# WHAT YOU NEED TO DO:
Using only the entries below, copy exactly the lines that begin at the one with "a living room" and end at the one with "a view of hallway with stairs", both included. Drop the pictures.

# SOURCE MATERIAL:
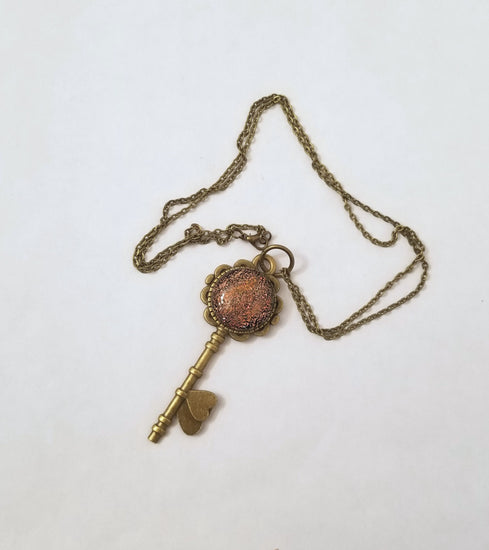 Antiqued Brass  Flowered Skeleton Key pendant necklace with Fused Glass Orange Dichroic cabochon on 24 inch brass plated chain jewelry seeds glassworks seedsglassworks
--
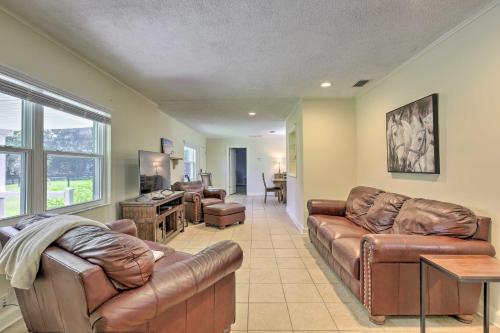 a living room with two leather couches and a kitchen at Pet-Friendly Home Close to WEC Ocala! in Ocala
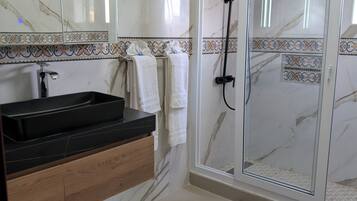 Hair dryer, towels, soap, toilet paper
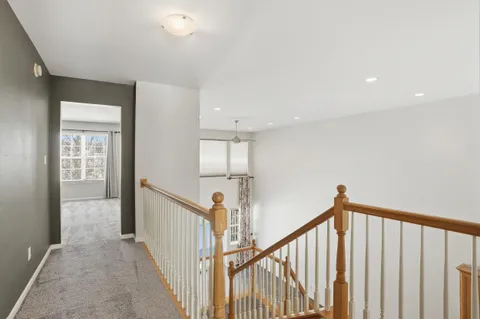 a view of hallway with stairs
* * *
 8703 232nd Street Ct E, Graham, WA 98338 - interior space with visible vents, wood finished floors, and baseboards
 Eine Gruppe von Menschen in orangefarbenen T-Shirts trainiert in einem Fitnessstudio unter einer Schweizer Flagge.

# RESPONSE TO THE EXERCISE:
 a living room with two leather couches and a kitchen at Pet-Friendly Home Close to WEC Ocala! in Ocala
 Hair dryer, towels, soap, toilet paper
 a view of hallway with stairs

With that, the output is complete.